» **Source material**:
+--

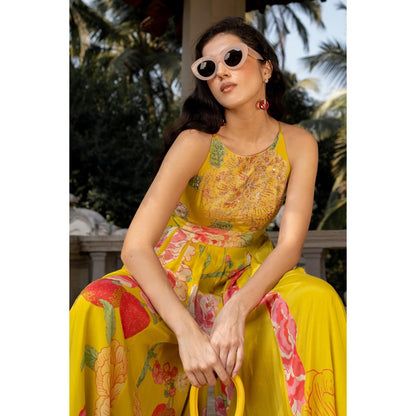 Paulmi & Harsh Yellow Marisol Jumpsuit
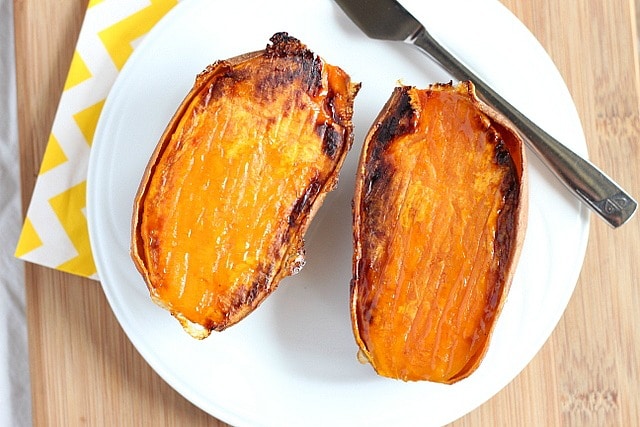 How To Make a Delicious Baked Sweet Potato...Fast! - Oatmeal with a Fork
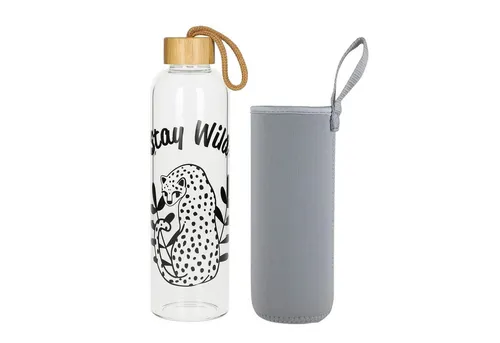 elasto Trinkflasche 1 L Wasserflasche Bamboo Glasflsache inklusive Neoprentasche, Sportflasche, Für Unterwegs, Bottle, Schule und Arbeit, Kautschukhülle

+--

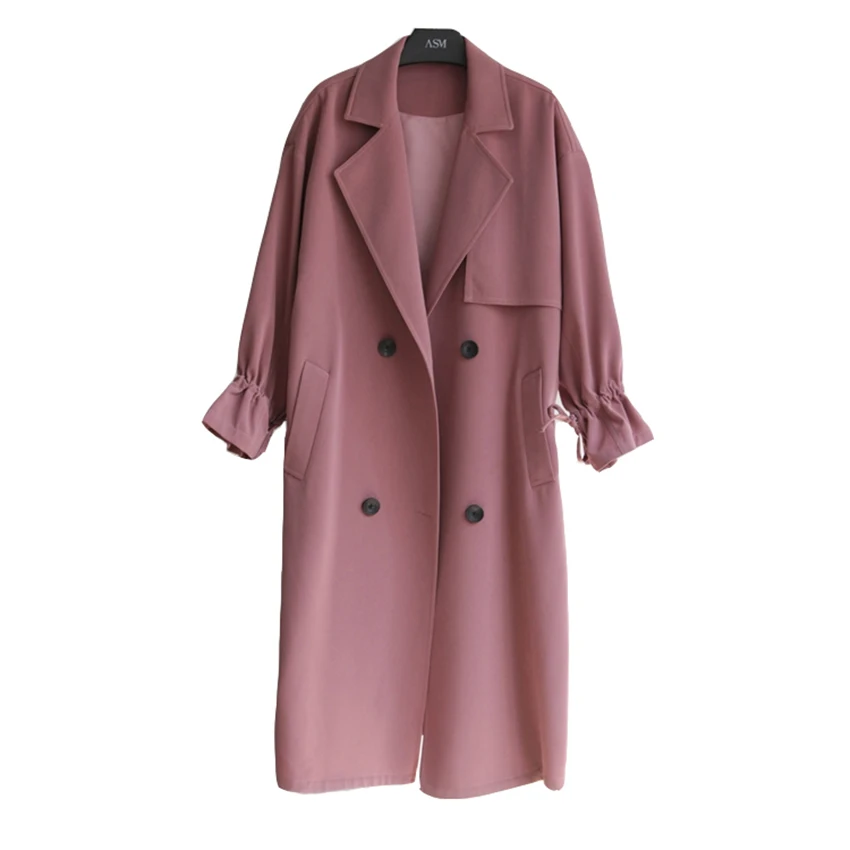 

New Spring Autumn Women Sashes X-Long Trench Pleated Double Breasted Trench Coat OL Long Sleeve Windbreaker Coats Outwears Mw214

+--

» **Task statement**: Exercise for the records above: copy only the lines from the one with "Paulmi & Harsh Yellow Marisol Jumpsuit" to the one with "elasto Trinkflasche 1", both ends kept, and drop the pictures.

» **Answer below**:
 Paulmi & Harsh Yellow Marisol Jumpsuit
 How To Make a Delicious Baked Sweet Potato...Fast! - Oatmeal with a Fork
 elasto Trinkflasche 1 L Wasserflasche Bamboo Glasflsache inklusive Neoprentasche, Sportflasche, Für Unterwegs, Bottle, Schule und Arbeit, Kautschukhülle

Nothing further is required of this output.